The Turkey Hill Experience Cow - Columbia, Pa.

One of our favorite roadside oddities, this big bovine welcomes ice cream fans to the Turkey Hill Experience. More of a children's museum than a factory tour, this year-round indoor attraction shows how the company produces its ice cream and beverage products in Lancaster County, Pennsylvania. There are several more mechanical cows inside, which you can milk. Other interactive activities represent production stages, such as homogenization and pasteurization. You can stand in the blast freezer, create your own flavor and enjoy free samples.

Man of Steel - Metropolis, Ill.

Superman fans know the caped crusader made his home in the fictional city of Metropolis. The residents of the real Metropolis, a small town in southern Illinois, keep his legend alive with a 15-foot bronze "Man of Steel" statue in front of the county courthouse. Steps away, you can visit the Super Museum, home of the world's largest Superman memorabilia collection of costumes, movie props, artwork and posters, stills, toys, games, and action figures.
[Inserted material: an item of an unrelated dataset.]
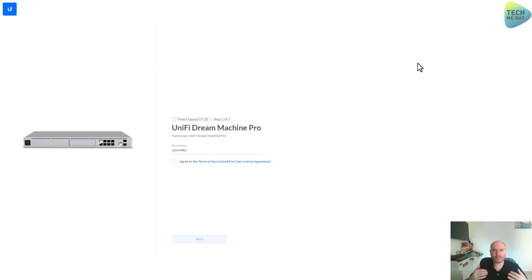I am doing this live with you today — first time with this device. For the lack of a better idea I will call it Wasteland UDM Pro, just because my regular UDM was called Wasteland UDM. Agree to the terms and licenses and click next.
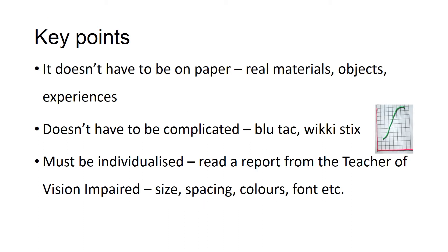It's important to remember that not all adaptations and modifications have to be done on paper. Sometimes it might be using real materials or objects — for example, having a ball with a bell in it for PE so that the child can access the lesson as their peers can. It doesn't have to be complicated either; on a graph, it might just be having a piece of Blu-Tack to show where a point is. Understanding the individual vision impairment through reports is key to making adaptations work.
Cheese Haus Mouse - Frankenmuth, Mich.

Frankenmuth, known as Michigan's little Bavaria, oozes with the charm of German-themed attractions, shops, restaurants promising world famous chicken dinners, and events like Oktoberfest polka parties. In front of Frankenmuth Cheese Haus, a cheerful grey mouse peeks his head out of a 6-foot wedge of Swiss. It"s actually made of cement, but inside, you'll find real Swiss, along with 140 other varieties, including cheese spreads and even a homemade chocolate cheese.

World's Largest Baseball Bat - Louisville, Ky.

This 120-foot-tall scale replica of the bat that was custom made for Babe Ruth in the early 1920's identifies the entrance of the Louisville Slugger Museum & Factory, located in Louisville's historic West Main district. As the official bat producer for Major League Baseball, the company has been crafting bats since 1884. The museum shows how the sport has changed over the past 130 years. Guests of this road trip attraction can also visit a replica dugout and face down a 90-mph fastball, climb through a giant ball glove, watch bats being made and hold bats used by their favorite players.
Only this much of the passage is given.